Perhaps this is the ultimate question both job seekers and employers alike should be asking themselves as they go about choosing career opportunities and bringing on new talent to the business.
The truth is great people are drawn toward other great people like moths to a flame.
But how do you know whether the moth you’re courting is indeed a moth or really a butterfly waiting to spread its wings?
According to blogger, author and former Starbucks marketeer John Moore, it’s a mix of “verve, candor, and can-do spirit, and a highly likable personality” Starbucks sought in employees that catapulted the coffee chain from nobody to international stardom.

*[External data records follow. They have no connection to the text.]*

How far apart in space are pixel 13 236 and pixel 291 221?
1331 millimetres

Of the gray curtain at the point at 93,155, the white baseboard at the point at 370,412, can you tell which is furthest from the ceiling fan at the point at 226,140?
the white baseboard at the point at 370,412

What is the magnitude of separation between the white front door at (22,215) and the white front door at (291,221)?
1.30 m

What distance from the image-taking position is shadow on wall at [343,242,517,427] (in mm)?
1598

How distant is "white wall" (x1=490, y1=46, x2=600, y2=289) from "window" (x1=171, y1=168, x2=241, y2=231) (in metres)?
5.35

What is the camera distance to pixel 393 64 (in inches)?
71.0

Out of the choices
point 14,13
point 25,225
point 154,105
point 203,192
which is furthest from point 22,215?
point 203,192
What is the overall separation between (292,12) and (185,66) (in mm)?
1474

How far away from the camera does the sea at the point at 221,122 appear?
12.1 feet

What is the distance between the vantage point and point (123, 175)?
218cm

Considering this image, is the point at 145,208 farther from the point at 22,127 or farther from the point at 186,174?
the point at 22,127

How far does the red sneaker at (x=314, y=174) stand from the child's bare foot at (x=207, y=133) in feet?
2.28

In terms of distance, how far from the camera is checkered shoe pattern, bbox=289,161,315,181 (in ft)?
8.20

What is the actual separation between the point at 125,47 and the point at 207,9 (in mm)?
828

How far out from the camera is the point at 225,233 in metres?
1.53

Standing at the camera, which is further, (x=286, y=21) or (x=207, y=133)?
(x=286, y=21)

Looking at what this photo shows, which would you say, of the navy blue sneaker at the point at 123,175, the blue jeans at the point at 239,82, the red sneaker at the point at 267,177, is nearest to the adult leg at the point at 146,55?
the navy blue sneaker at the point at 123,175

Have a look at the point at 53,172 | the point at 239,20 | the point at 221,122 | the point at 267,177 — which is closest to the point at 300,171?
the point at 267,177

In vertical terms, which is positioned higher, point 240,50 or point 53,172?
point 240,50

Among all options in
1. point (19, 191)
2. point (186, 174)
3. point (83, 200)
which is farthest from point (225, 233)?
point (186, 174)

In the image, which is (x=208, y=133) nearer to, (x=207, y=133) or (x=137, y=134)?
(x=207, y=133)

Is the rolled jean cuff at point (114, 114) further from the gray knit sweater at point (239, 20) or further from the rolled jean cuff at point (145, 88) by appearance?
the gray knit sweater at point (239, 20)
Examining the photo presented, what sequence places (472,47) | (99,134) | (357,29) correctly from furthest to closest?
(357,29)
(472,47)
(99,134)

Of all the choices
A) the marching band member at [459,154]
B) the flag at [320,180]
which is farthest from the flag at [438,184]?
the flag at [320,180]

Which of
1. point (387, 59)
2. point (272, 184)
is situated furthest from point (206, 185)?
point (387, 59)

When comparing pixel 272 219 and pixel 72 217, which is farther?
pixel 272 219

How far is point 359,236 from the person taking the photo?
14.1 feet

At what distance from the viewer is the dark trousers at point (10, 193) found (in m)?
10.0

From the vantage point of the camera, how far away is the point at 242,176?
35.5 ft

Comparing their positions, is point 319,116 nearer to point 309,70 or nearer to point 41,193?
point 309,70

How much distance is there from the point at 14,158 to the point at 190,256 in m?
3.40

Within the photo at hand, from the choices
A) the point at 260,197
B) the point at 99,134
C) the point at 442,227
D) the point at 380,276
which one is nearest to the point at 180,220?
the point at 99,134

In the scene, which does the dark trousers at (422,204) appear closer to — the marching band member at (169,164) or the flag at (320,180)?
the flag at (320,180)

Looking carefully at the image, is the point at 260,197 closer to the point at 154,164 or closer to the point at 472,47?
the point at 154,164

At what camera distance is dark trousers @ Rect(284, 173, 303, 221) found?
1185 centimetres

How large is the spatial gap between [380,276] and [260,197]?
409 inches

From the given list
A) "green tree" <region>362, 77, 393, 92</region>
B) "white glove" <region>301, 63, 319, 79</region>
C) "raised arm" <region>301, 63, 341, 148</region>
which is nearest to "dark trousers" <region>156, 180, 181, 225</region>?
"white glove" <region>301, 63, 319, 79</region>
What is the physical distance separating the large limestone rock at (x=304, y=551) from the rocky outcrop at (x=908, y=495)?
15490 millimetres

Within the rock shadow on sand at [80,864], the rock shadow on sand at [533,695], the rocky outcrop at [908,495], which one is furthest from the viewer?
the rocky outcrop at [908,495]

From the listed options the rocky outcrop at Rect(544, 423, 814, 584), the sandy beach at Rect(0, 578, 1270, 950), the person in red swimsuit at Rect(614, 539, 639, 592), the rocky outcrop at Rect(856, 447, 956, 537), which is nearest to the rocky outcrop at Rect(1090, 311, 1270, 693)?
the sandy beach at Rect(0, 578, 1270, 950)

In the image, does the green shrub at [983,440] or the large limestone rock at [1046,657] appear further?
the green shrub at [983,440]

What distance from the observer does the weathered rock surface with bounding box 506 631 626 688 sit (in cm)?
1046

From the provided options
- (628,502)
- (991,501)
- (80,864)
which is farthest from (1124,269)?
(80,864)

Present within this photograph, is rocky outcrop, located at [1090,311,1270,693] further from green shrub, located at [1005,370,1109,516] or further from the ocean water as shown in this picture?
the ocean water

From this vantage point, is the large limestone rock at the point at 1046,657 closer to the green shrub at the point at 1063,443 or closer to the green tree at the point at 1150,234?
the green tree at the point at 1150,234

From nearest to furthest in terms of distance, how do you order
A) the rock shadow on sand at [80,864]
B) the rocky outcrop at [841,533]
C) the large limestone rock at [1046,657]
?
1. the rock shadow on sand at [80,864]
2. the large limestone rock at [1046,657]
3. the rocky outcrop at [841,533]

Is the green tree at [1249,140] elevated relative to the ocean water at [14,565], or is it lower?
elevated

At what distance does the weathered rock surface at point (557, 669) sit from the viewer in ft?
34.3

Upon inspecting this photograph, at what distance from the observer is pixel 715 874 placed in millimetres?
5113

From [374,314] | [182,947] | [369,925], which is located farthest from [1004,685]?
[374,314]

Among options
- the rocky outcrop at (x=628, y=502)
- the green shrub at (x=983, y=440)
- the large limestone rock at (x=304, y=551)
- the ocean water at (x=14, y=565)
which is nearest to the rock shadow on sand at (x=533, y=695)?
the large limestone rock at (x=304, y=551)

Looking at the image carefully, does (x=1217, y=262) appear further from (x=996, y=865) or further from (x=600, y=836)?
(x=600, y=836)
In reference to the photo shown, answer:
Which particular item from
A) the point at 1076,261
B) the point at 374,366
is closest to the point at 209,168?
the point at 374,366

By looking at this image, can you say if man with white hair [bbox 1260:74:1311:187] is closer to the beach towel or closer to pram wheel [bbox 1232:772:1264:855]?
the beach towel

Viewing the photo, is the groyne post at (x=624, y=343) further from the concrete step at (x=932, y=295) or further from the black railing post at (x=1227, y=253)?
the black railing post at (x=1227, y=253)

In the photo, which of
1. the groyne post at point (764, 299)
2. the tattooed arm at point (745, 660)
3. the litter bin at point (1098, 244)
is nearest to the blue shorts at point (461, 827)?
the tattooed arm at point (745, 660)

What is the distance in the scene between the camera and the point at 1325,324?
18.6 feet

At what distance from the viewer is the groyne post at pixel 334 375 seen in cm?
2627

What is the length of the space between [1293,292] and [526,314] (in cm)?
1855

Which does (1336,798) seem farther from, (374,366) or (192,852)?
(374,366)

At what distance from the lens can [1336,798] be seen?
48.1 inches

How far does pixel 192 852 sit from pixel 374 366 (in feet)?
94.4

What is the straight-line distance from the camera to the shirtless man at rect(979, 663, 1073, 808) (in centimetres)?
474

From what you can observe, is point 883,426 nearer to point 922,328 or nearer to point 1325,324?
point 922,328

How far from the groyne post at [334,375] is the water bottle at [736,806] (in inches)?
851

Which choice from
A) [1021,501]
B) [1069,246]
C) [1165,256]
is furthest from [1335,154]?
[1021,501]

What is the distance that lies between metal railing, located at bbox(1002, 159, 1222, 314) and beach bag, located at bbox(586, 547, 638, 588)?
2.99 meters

In his book, Tribal Knowledge, Business Wisdom Brewed from the Grounds of Starbucks Corporate Culture, he explains
how Starbucks set out from its earliest stages to recruit fresh-faced customer focused employees who exhibited a sense of personal integrity, and put them into action on the front lines of the business at every level. As a barista-turned Starbucks marketing guru himself, Moore was tapped to help drive the Starbucks brand from the inside through word of mouth marketing.
His downloadble online manifesto hints at some aspects of the secret concoction that drove the firm’s WOM success including the belief that Starbucks’ employees were the critical X driving that brand forward from day one. As a company that has eschewed advertising since its founding, Starbucks relied heavily on word of mouth to propel it forward. The company successfully drove WOM success through not only the consistency and flavor of the coffee, but in the way store employees treated customers and exhibited a true positive attitude and even participated in local community and charitable events.
A case in point where great people drove the success of a great company.
So just how should companies go about finding and hiring the right talent? The questions will differ depending on your own corporate culture. But savvy hiring gurus suggest you focus on questions that will uncover traits such as honesty, dependability, thoroughness, discretion, creativity, flexibility and attentiveness, Its just as important to share with your candidates your company’s ultimate sense of purpose and to be clear and passionate about what ideas your company is fighting for.
If your organization keeps these concepts in mind and a keeps its passionate purpose close at heart, great people will find you and will want to be a part of it. The truth is high performers are incented less by money than by the opportunity to be surrounded by other smart people who challenge them and give them the chance to grow. In addition, connection and success are their drugs of choice and they need to feel like they are having a positive impact on the business to excel. When you get a team in place that exhibits these qualities, and you give them the freedom and opportunity to stretch, you will be rewarded in spades.